_WORK ORDER_
Exact copy, no pictures: output each line below as it stands.

_DATASET EXTRACT_
------------------------------------------------
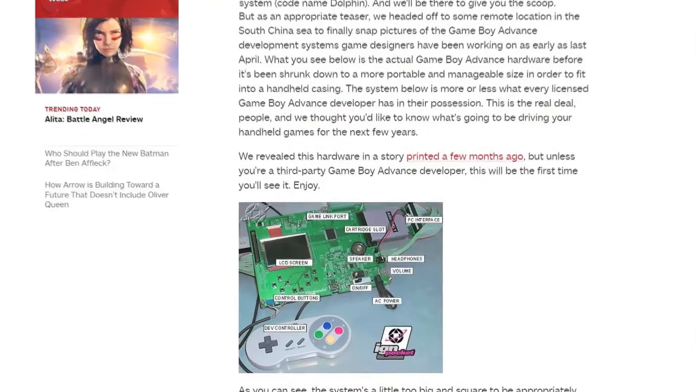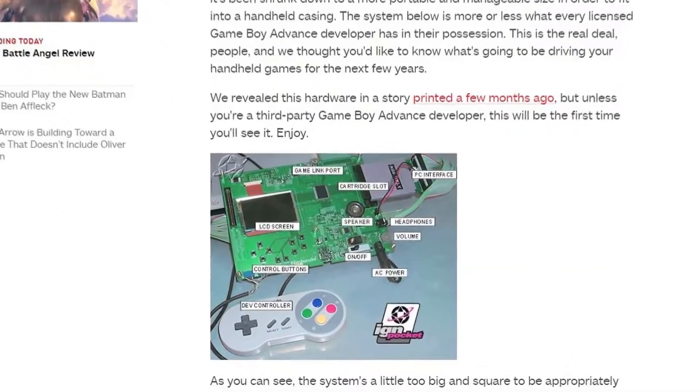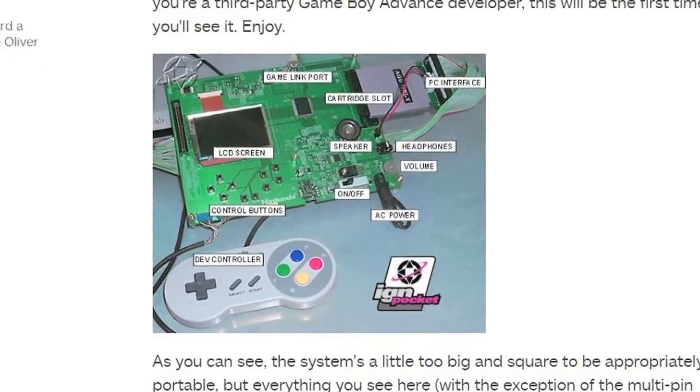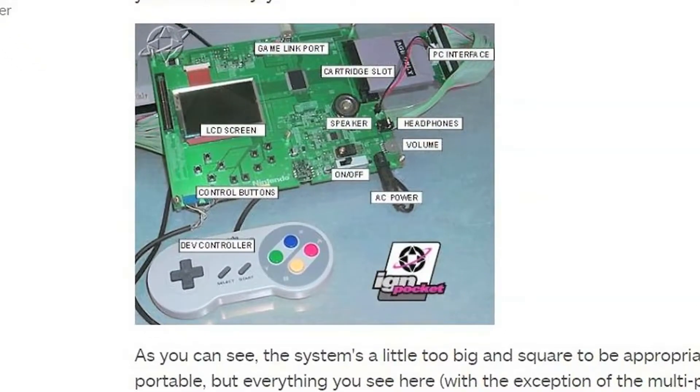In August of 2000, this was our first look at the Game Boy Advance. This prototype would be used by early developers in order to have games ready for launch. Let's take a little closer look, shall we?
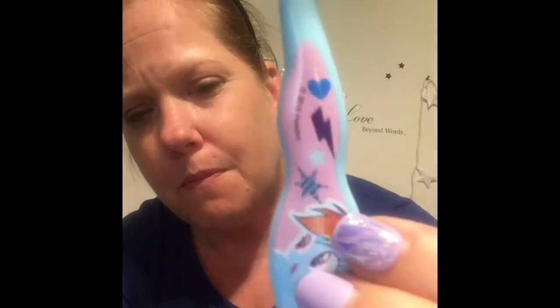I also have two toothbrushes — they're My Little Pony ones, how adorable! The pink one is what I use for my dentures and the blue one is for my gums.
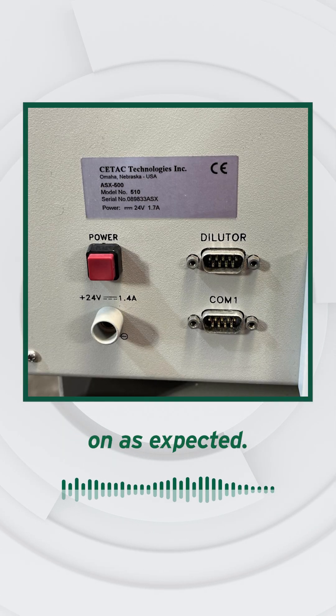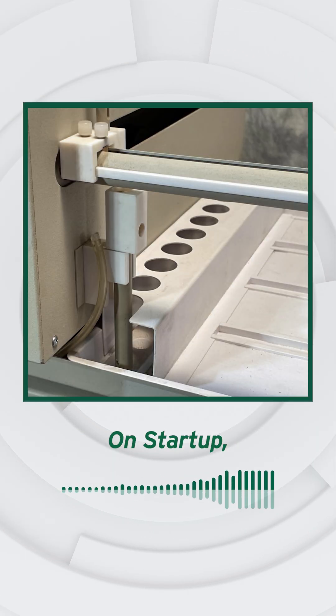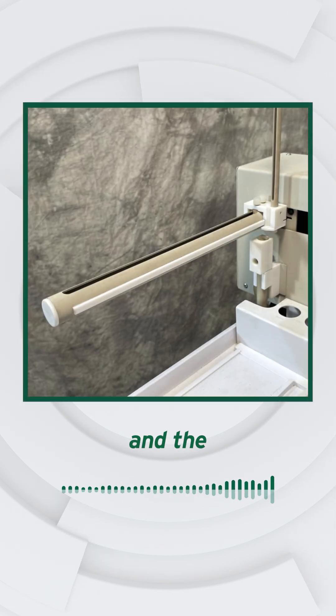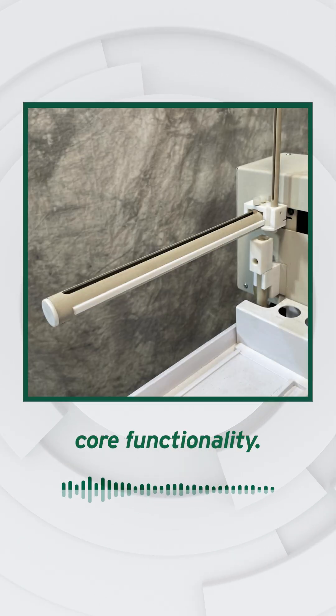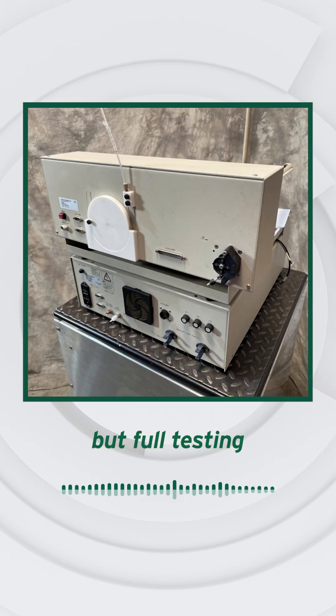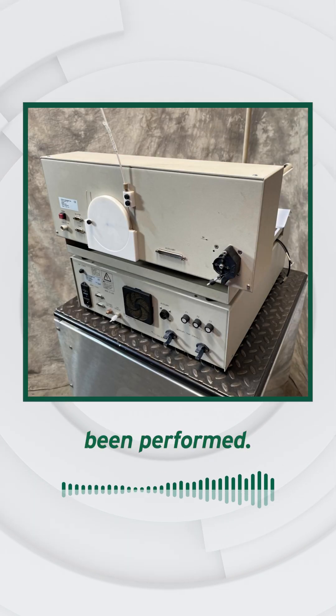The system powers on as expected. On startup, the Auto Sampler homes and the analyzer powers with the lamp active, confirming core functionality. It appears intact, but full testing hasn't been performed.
------------------------------------------------
_TASK ANSWER_
In August of 2000, this was our first look at the Game Boy Advance. This prototype would be used by early developers in order to have games ready for launch. Let's take a little closer look, shall we?
I also have two toothbrushes — they're My Little Pony ones, how adorable! The pink one is what I use for my dentures and the blue one is for my gums.
The system powers on as expected. On startup, the Auto Sampler homes and the analyzer powers with the lamp active, confirming core functionality. It appears intact, but full testing hasn't been performed.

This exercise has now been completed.